# saunas for weight loss?



## insert10p (Jan 1, 2011)

are saunas any good for helping

with weight loss?


----------



## gojo (Mar 17, 2011)

No, that's a fallacy.

All it does - at best - is make you temporarily lose a miniscule weight in sweat, which you will then immediately put back on when you emerge from it parched and drink half a gallon of water!
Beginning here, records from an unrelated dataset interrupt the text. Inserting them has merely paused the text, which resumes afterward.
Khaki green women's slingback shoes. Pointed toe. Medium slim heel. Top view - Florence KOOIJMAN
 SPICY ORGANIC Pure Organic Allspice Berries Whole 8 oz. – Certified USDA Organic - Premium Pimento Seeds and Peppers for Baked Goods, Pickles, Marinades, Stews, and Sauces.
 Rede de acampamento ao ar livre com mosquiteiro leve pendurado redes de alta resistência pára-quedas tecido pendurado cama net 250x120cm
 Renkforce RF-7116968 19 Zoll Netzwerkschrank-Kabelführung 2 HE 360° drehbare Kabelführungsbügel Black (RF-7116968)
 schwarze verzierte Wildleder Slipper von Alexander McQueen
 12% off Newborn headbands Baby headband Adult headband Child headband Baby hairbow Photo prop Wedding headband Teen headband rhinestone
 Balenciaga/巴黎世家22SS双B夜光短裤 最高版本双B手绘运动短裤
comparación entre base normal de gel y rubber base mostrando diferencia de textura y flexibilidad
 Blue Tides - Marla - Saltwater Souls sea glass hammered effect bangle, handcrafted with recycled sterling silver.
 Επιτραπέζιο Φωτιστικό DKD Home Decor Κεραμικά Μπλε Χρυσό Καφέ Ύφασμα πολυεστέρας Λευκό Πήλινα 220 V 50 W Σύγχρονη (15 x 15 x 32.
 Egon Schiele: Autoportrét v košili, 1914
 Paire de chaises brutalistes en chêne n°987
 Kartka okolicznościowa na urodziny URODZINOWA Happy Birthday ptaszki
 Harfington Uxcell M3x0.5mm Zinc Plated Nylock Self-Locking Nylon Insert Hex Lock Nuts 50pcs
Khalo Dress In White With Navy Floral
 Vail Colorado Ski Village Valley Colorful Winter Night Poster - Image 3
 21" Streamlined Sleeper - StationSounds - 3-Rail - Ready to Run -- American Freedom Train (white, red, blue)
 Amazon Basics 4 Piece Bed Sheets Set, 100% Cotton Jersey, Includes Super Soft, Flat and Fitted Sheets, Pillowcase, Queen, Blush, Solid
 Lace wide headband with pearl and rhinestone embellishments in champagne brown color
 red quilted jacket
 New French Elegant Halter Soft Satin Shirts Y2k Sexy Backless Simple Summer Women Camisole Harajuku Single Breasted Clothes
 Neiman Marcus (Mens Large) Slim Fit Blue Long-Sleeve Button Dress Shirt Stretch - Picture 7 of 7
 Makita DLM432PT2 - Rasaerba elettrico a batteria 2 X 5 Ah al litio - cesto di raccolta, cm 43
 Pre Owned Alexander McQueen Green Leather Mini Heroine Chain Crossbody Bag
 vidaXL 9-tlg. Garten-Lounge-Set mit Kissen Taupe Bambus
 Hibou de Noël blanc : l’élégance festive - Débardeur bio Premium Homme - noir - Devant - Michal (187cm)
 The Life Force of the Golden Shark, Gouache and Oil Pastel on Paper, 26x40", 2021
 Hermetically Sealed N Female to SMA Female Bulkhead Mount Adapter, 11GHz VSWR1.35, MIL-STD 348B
I personally do find them very good for muscle relaxation after a workout though.


----------



## arekwhite (Jul 29, 2011)

Weight gain is the problem of most people in the world. there are several ways to lose the weight. exercise is the best way to lose the weight and you have avoid the fatty foods and start to eat the vegetable it will help you to keep your health and weight maintained...


----------



## aka (Jun 25, 2010)

there are a couple of shredded guys at my gym that they seem to think they are lean bcos of the sauna after every workout,,,,,,,,,,,,,, but I think that's BS


----------



## The Trixsta (Sep 6, 2009)

akalatengo said:


> there are a couple of shredded guys at my gym that they seem to think they are lean bcos of the sauna after every workout,,,,,,,,,,,,,, but I think that's BS


Second that


----------



## The Trixsta (Sep 6, 2009)

marksmith said:


> Saunas have been a popular tool for relaxation for a very long time. When saunas were first introduced, they were used primarily for relaxation of muscles and relieving the stress and tension that build up throughout life. As saunas became more and more popular and widespread, the people who used them regularly began to notice some very desirable side effects. Specifically, people began noticing weight loss as a result of using saunas.The sauna helps you get rid of this extra salt and thereby gets you rid of the water weight that you have gained. If you want to maintain the weight loss you enjoy from visiting the sauna, you need to keep salt consumption to a minimum in your diet.
> 
> Thanks


Nice copy and paste job LOL

I believe that came from here lol http://ezinearticles.com/?Do-Saunas-Help-With-Weight-Loss?&id=613099 :doh:


----------